Data jabberwocky: June 2020

Introduction

We have already seen what a perceptron model is, its definition and an implementation using scikit-learn module of python. The implementation was done on the iris dataset. There we had also mentioned that there were certain assumptions that we needed to make for the success of the model. The most important being that the classes of the dataset need to be linearly separable. But what does it mean? Consider training a perceptron for the AND/OR gate. First let us make a truth table.

AND Gate

OR Gate

Notice that in both cases, we can draw a straight line to segregate the 1's and the 0's. That means we can create a perceptron that knows how to solve an AND and another that can solve an OR classification. Now consider the XOR gate.

XOR Gate

Here we cannot separate the 1's and the 0's with a single straight line. So, what is the solution? Minsky and Papert(1969) offered a solution to XOR problem by combining perceptron unit responses using second layer of units. That is they took an approach of pieccewise linear classification. But then we need to be able to express this gate as a combination of two gates that are linearly separable and the gate combining the two gates should itself display same behaviour.

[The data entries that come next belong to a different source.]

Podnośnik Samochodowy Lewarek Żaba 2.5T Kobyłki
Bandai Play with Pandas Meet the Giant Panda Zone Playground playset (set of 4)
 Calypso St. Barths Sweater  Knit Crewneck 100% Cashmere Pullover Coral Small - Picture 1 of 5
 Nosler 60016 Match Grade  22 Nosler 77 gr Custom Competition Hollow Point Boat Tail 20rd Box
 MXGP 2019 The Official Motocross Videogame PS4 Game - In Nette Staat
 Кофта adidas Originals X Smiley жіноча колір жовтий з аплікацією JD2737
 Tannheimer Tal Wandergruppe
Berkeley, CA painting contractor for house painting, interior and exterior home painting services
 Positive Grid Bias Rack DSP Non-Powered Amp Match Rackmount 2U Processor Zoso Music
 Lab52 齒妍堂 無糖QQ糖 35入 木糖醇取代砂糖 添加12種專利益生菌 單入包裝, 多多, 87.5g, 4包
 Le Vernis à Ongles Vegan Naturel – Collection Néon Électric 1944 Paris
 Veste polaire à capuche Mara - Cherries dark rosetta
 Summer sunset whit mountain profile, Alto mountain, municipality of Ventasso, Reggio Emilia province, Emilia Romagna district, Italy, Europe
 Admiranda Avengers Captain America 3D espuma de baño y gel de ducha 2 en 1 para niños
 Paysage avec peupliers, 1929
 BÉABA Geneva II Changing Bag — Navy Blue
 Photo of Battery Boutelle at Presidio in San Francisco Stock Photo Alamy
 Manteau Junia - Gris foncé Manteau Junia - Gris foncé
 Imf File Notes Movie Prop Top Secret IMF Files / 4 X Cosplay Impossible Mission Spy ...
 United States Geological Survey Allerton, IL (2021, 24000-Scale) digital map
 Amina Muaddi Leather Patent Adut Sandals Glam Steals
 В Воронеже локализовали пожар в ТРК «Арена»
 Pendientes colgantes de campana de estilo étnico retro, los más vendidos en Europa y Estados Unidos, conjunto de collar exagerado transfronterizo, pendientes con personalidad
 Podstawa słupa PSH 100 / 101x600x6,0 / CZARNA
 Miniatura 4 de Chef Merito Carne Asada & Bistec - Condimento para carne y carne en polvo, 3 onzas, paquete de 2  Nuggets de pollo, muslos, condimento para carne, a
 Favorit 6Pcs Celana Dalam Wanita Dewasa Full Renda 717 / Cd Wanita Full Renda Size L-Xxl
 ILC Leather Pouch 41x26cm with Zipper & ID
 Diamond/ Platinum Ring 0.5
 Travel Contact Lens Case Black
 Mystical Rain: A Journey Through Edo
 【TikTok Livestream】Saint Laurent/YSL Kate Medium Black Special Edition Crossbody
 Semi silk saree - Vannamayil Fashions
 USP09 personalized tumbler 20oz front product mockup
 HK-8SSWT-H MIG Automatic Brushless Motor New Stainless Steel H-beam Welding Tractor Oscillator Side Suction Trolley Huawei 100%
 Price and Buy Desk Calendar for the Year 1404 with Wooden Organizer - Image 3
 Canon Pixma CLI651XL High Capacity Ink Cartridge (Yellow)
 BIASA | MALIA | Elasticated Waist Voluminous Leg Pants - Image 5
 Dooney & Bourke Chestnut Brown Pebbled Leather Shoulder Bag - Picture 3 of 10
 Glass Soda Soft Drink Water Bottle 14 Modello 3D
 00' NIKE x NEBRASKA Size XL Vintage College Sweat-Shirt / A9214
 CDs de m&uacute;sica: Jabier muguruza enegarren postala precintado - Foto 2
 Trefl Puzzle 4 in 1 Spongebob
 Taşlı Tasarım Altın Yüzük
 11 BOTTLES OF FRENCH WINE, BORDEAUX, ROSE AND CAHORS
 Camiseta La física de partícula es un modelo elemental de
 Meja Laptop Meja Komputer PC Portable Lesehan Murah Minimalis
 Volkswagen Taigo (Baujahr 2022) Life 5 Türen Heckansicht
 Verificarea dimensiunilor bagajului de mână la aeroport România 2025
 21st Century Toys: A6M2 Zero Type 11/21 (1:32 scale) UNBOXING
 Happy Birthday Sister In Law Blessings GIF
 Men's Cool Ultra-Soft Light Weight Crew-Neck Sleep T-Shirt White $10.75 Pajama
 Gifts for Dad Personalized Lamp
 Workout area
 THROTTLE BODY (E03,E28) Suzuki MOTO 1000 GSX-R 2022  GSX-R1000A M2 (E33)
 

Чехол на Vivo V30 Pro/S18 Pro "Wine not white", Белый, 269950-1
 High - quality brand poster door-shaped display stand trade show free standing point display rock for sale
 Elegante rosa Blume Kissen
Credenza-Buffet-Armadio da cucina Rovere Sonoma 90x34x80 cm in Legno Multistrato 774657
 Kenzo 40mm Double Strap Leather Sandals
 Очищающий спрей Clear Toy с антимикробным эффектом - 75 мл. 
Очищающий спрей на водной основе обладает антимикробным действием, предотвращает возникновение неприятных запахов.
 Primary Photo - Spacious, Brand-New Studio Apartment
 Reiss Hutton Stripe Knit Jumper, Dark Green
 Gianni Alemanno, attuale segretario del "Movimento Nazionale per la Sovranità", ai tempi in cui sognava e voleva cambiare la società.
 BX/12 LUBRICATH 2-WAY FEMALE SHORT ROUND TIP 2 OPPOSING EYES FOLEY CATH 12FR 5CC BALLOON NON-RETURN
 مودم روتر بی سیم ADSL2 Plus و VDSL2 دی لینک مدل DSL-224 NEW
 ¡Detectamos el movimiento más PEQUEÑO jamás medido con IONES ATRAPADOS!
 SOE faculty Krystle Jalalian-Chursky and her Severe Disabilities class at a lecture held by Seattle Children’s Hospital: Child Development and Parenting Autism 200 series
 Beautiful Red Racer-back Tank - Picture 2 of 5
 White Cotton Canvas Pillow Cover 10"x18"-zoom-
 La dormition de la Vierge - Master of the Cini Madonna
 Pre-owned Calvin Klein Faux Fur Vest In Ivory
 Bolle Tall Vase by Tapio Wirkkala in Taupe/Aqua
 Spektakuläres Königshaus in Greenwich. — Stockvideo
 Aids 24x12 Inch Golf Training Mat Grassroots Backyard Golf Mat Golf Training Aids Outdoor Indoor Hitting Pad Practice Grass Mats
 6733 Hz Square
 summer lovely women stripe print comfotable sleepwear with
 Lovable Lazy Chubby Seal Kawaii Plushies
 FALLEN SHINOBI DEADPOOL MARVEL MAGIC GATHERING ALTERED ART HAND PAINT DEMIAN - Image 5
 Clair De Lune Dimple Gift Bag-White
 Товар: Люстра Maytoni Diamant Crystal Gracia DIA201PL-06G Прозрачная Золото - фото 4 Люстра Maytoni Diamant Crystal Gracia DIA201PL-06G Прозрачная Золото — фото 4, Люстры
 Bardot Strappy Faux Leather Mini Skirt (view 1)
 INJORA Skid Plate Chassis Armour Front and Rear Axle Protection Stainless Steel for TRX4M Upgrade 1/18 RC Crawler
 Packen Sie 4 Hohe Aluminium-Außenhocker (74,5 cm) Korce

An XOR can be expressed as an AND operation between NAND and OR gate. This is left as an exercise to the reader(Try it!). Since AND is linearly separable it automatically follows so will be NAND. Hence we now have two perceptrons that can be taught to handle NAND gate and an OR gate and a third to handle the AND between the results of the two. So we get something as follows:

So what we see here is that more complex problems where classes are not linearly separable can be solved using multiple perceptrons. That is the core idea behind Multilayer Perceptron. Here we ended up creating a three layered model, the input layer, the hidden layer and the output layer and eventually arrive at a function like the following:

Now what requires an explanation is what those extra layers achieve. Remember a single layer is capable of linear classification, whereas an extra hidden layer can create more than one line and segregate between classes where the former cannot be used and we end up creating a polygon. Thus adding more layers can help us in creating arbitrarily complex shape.

With single layer

With one hidden layer

With Multiple layers

MLP is very efficient for function approximation in high-dimensional spaces. The error convergence rate of MLP is independent of the input dimensionality, while conventional linear regression methods suffer from the curse of dimensionality, which results in a decrease of the convergence rate with an increase of the input dimensionality [5]. The necessary number of MLP neurons for approximating a target function depends only upon the basic geometrical shape of the target function, and not on the dimensionality of the input space.

But then the question arises how to train the model. In a single layer perceptron, as we saw, there was back propagation of error which helped us in incrementing(recalculating) the weights in the next iteration. But here we need to calculate the weights of the internal layers. The question is how to achieve this? From the previous two diagram and our knowledge of perceptron, it is evident that there is no direct way to know the inputs of the hidden units. The first layer's recalculation can be done because of backpropagation of error. But what about the hidden layers?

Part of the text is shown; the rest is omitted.